When Jochen Witte and Dirk Bartels, the two co-founders of Poet Software GmbH, went out looking for an object-oriented technology environment to run on the desktop, they found that no such company and no such product existed. We wanted to get away from the monolithic uniform solutions that are bloated with unnecessary features, Witte says. We wanted to have the best of both worlds ?to offer as many options as possible while keeping the system size slim and manageable. Given the lack of expertise in the market, Witte and Bartels, both of whom are former professional hockey players, decided to take a chance and develop their own product, presenting their idea to the world at a trade show in 1992 and immediately attracting the attention of the venture capital community. Since being established in 1993, Poet, which stands for persistent objects extended technology, has become a market leader in personal computer-based object-oriented database systems. Poet’s products run on a wide range of operating systems including Windows, Windows 95, Windows NT, Unix, OS/2 and the Apple Macintosh. Its the only object-oriented database of its kind, said one customer. Our gut reaction was: Buy. In addition to the database, Poet also offers three object- based software development kits for the programming languages Visual Basic, C++ as well as Java. Part of the Java kit, which is available in mid-1997, is a version of Java Tight Binding – the specification that was outlined by the ODMG Object Database Management Group industry body.
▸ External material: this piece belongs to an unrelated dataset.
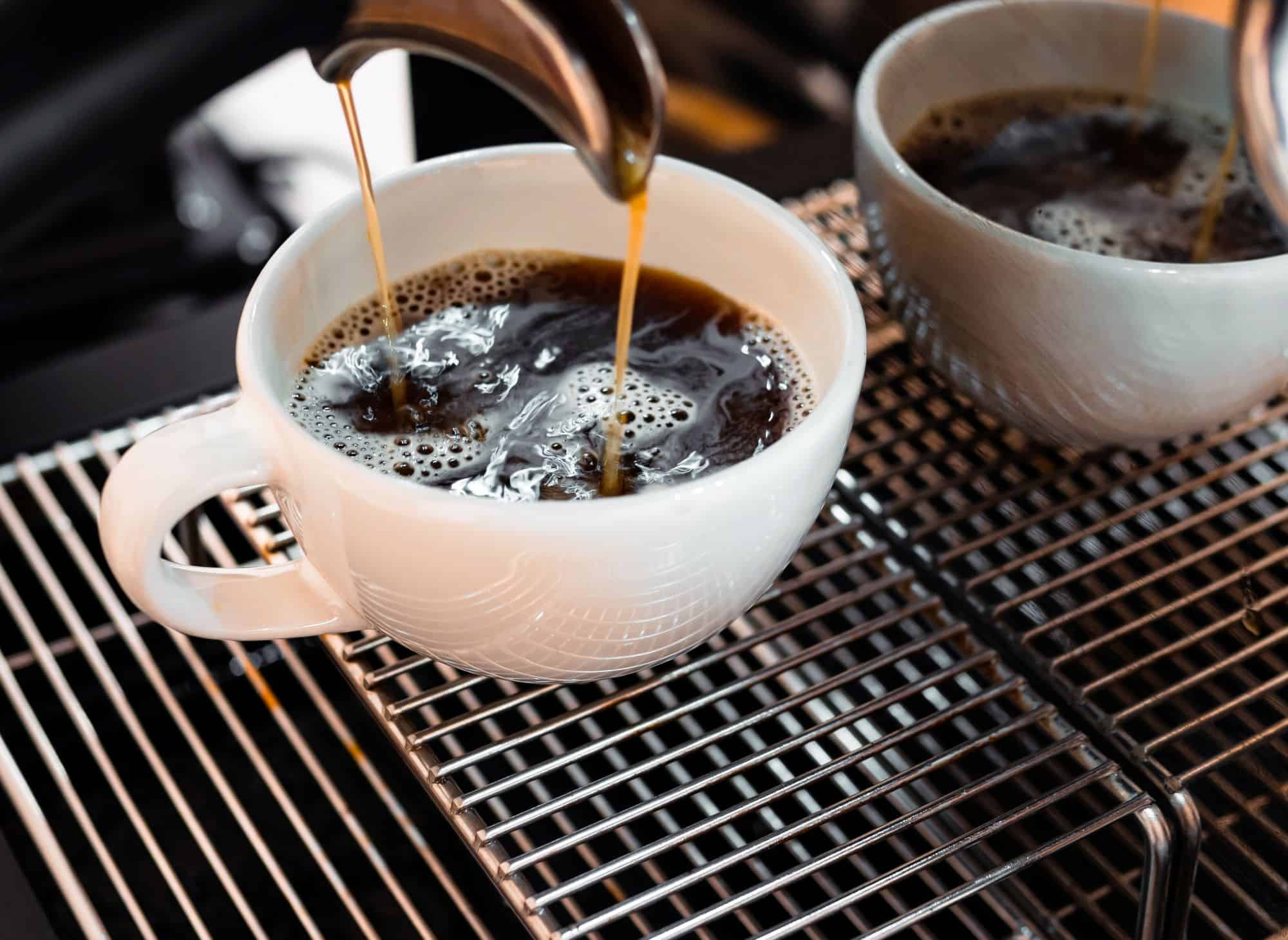 Beber café moderadamente é bom para sua saúde, diz pesquisa conduzida por Chaofu Ke, da Universidade Soochow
Decided to join rather than fight
One factor in Poet’s favor is that it made an early decision to join rather than fight the industry move towards standards and heterogeneous networks. Poet personnel, for example, sit on several of the software industry’s most important decision-making bodies including the ODMG and Germany’s own Society for Information Sciences. In addition, Poet has strong ties to Novell that focus on making the network operating system NetWare ready for Java. Poet received its first venture capital funding in April 1995 when its subsidiary Poet Software Corp in San Mateo, California received $3.6m in funding and formed Poet Holdings, a move to pave the way for an initial public offering in 1998. Most recently, Novell Communications Corp has joined the gang of Poet’s venture capital companies which include Sigma Partners, El Dorado Ventures, Atlas Ventures, Innovacom and Technologie Holding to take a stake in the Poet for $6.5m. For 1996, Poet says that its revenues were $10m. Worldwide the company has a staff of 110 and an installed base of over 15,000 systems. Its customer list is prestigious and includes Hewlett-Packard Co, Compuserve Corp, AT&T Co, the US Supreme Court, Los Alamos Laboratories, Electronic Data Systems Corp, Nokia Oy, Siemens AG, Fidelity Investments, Sony Corp, and Intel Corp. While Poet faces some tough competition from more established software companies as they all jump on the object-oriented bandwagon, Poet has the great advantage of being one of the first to market. Poet’s shortcoming, however, is that it has limited manpower as well as resources. It’s a company with some growth pains, said one of Poet’s customers, but we decided to stick it out because the product is sheer poetry to work with.